Words on Weather & Climate — October 7, 2010

Peshtigo Horror

by CRAIG JAMES

Meteorologist Craig James, new Squire columnist

Peshtigo is a small town in northeastern Wisconsin about 50 miles north of Green Bay. Most people have likely not heard of Peshtigo, but on the night of October 8, 1871, it was in the middle of the deadliest fire in United States history. Very little news of this horrible event spread across the nation because, at almost exactly the same time, the Great Chicago Fire was destroying much of that city, capturing most of the attention. Almost unbelievably, that same night saw fires destroy much of Holland, Manistee and Port Huron, Mich. as well as a good bit of forested area in the central part of our state.

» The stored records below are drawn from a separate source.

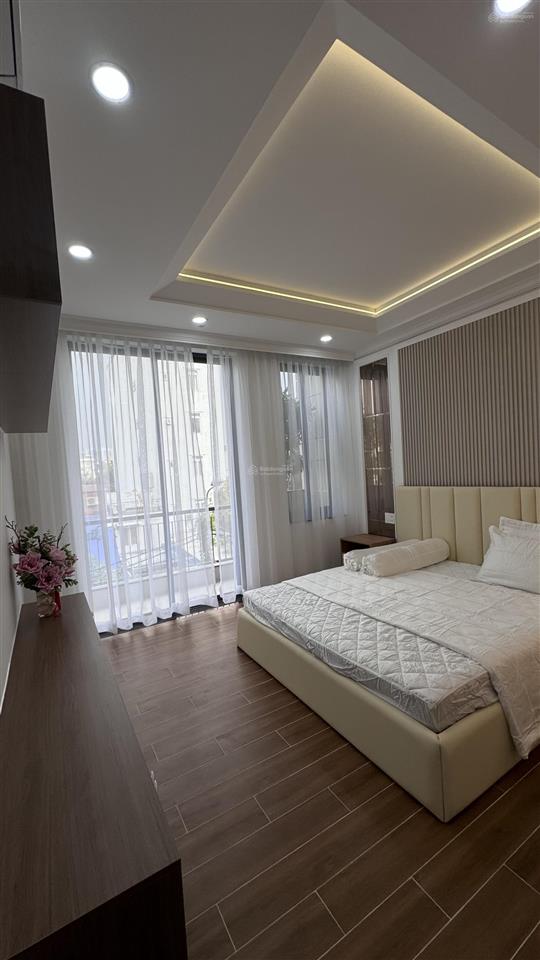 Nhà mới đẹp khu cư xá ngân hàng có thang máy ô tô đận trong nhà được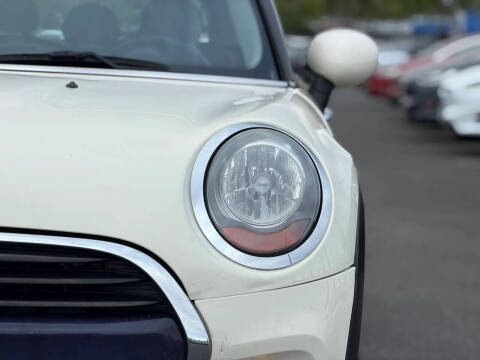 2017 MINI Hardtop 4 Door Cooper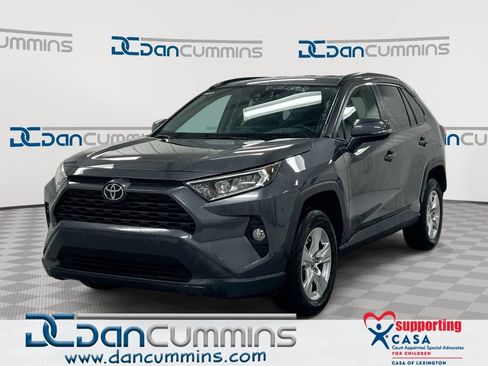 Used 2021 Toyota RAV4 XLE AWD/4WD image 1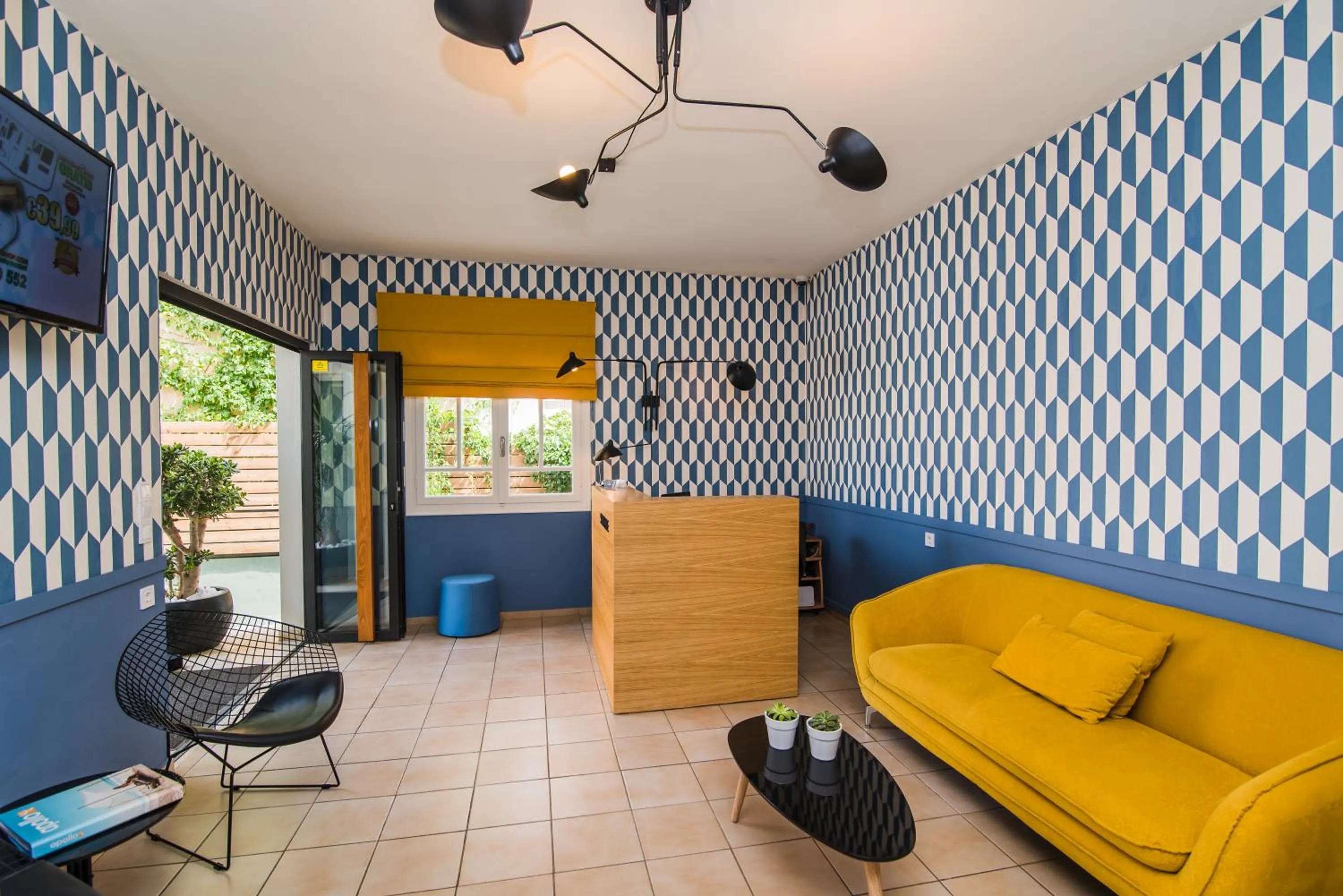 Communal lounge/ TV room in Sunshine Studios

The exact cause of the Chicago fire is unknown, but the blaze started at about 9 p.m. on Sunday, Oct. 8, in or around a small shed that bordered the alley behind 137 DeKoven Street. The traditional account of the origin of the fire is that it was started by a cow kicking over a lantern in the barn owned by Patrick and Catherine O’Leary. Michael Ahern, the Chicago Republican reporter who created the cow story, admitted in 1893 that he had made it up because he thought it would make colorful copy. Would news reporters just make up facts? But I digress.

The fire encompassed almost 2,000 acres of the city. More than 73 miles of roads were destroyed, 120 miles of sidewalks, 2,000 lampposts, 17,500 buildings, and two to three million books. The death toll was between 200 and 300. The Chicago Water Tower is one of the few structures still standing that survived the fire.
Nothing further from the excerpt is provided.